In the end, Nym and Pistol forge an uneasy truce based on material considerations. Their servant, referred to as “Boy,” then announces that Sir John Falstaff, another of Henry’s former friends, is dying. Mistress Quickly says that Henry is to blame, for he rejected Falstaff after ascending to the throne.
In the palace, Henry discovers a plot against his life. Three noblemen—Cambridge, Scrope, and Grey—plan to kill Henry in Southampton. However, Henry catches the three in a trap. He then has them executed for treason and makes preparations to sail for France.
In London, Bardolph, Pistol, and Nym mourn the death of Sir John Falstaff before leaving for France.
Meanwhile, King Charles VI confers with the Dauphin and his advisers. The Dauphin believes that Henry is weak, but the others disagree. Charles says that they must remember the Battle of Crecy, when the English captured all the princes of France. The English are formidable fighters and must not be underestimated.
Meanwhile, the duke of Exeter arrives from England. He tells Charles that the latter must give up his crown or risk the consequences. Charles tells Exeter that he will give him his answer the next day.
Meanwhile, Henry lays siege to Harfleur. Captains Gower, Fluellen, Jamy, and MacMorris lead the siege effort. Playing for time, Charles VI offers Henry his daughter Katherine’s hand in marriage and several small dukedoms. However, Henry is insulted by the offer and continues the siege. With no promise of help from Charles, Harfleur eventually surrenders.

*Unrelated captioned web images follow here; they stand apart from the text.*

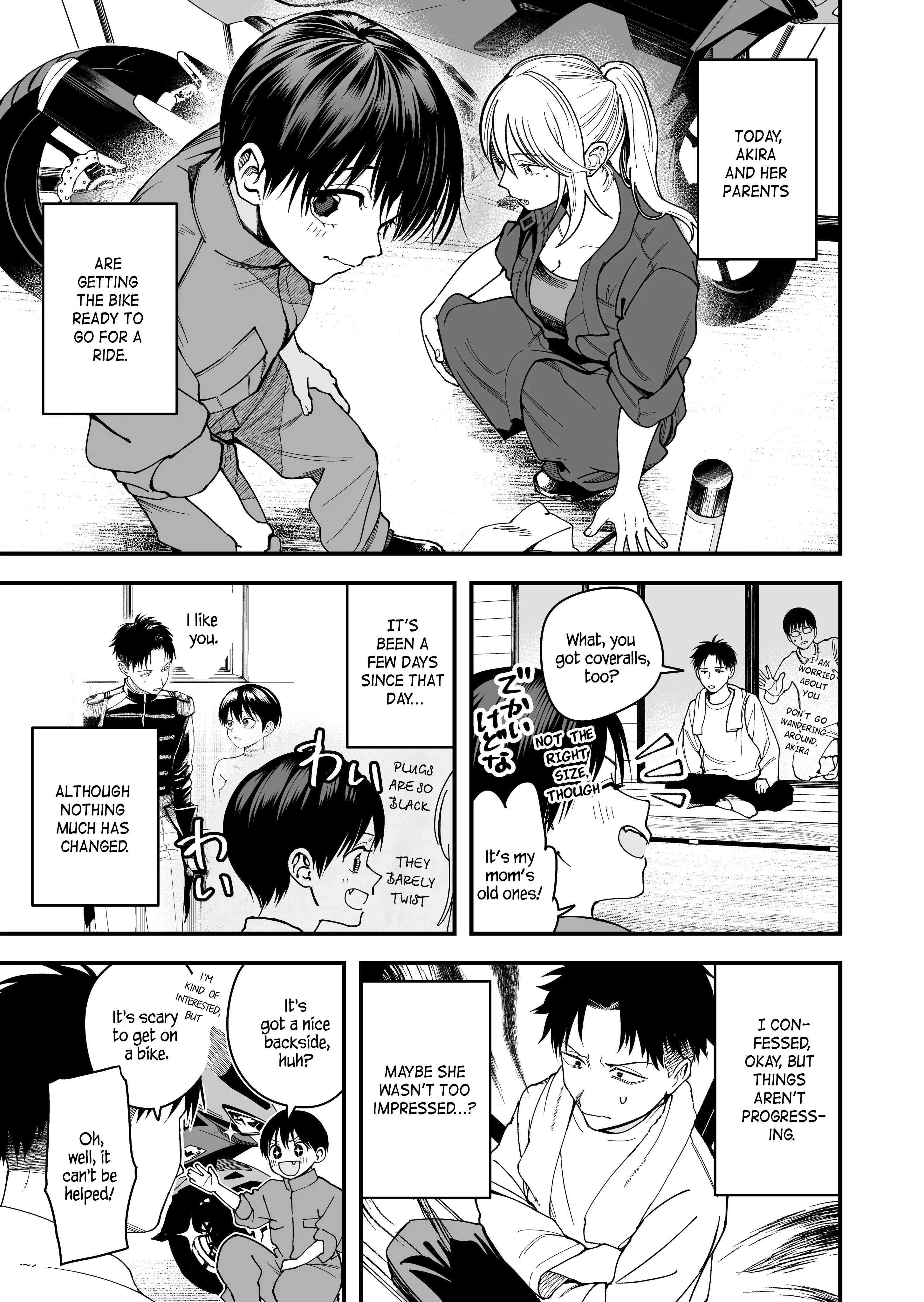 Read Boyish Kanojo ga Kawai-sugiru Chapter 11 - My boyish girlfriend is pretty damn cute in coveralls Online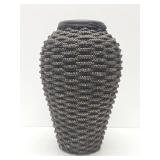 LARGE Vintage Terra Cotta Rope Pot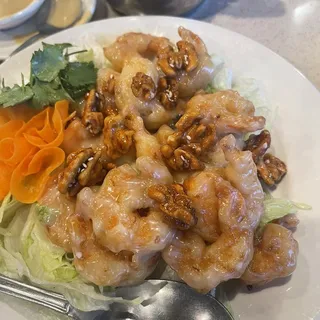 09. Honey Walnut Prawn
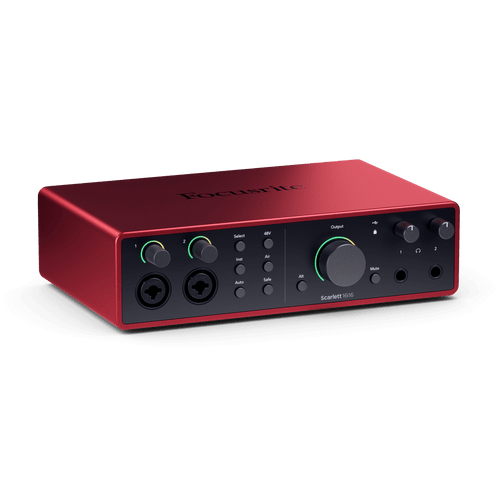 Focusrite Scarlett 16i16 第4世代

At the French palace, Princess Katherine tries to learn English with the help of her lady-in-waiting Alice. She stumbles over the foreign words but makes a great effort to learn the language of France’s enemy.
Meanwhile, Charles holds an emergency meeting with the Dauphin, the Constable of France, and several noblemen. Apparently, Henry has crossed the Somme and continues to advance. Charles resolutely orders his noblemen to prepare for war and bring Henry to Rouen as a prisoner.
The scene shifts to a battle over the control of a bridge on the banks of the Somme. Captains Fluellen and Gower discuss the progression of the conflict. Meanwhile, Pistol asks Fluellen to intercede with the duke of Exeter on Bardolph’s behalf. Apparently, Bardolph has been sentenced to hang for stealing from a church. However, Fluellen refuses to help. Furious, Pistol leaves.
Meanwhile, Montjoy, a French herald, tells Henry to consider paying a ransom to Charles. Otherwise, Henry must face the consequences of his presumption. Henry answers that he prefers not to fight the French but will not rule out the use of violence to resolve the impasse.
At the English camp at Agincourt, Henry disguises himself by donning the cloak of Erpingham, an officer. He talks to Pistol and listens to Captains Gower and Fluellen arguing about the conventions of war.
Finally, Henry talks to three soldiers—John Bates, Alexander Court, and Michael Williams. None of the soldiers realize that they are conversing with the king. After the soldiers leave, Henry muses about the burdens of kingship.
The next day, after Henry rebuffs the French offer to surrender, the battle of Agincourt commences. In the midst of the action, we learn that Bardolph and Nym have both been hanged for looting.
Meanwhile, the battle rages. And, even though the French enjoy a five-to-one advantage in troop numbers, they are no match for the English. Henry and his troops prevail on the battlefield and capture many French nobles. Surprisingly, Henry gives the order to kill all the French prisoners.
Still, a tragedy mars the English victory: the earl of Suffolk and the duke of York have both fallen in battle.
Meanwhile, a group of French soldiers fleeing the battle massacres all the young pages guarding the English camp. Boy is presumed to be among the casualties. Furious, Henry reiterates his previous order to kill all the French prisoners.
It is soon revealed that the English have won the day, and Montjoy, the French herald, approaches Henry to ask for permission to bury the French war dead. As the play ends, the French accede to all English demands and Henry announces his upcoming wedding to Princess Katherine.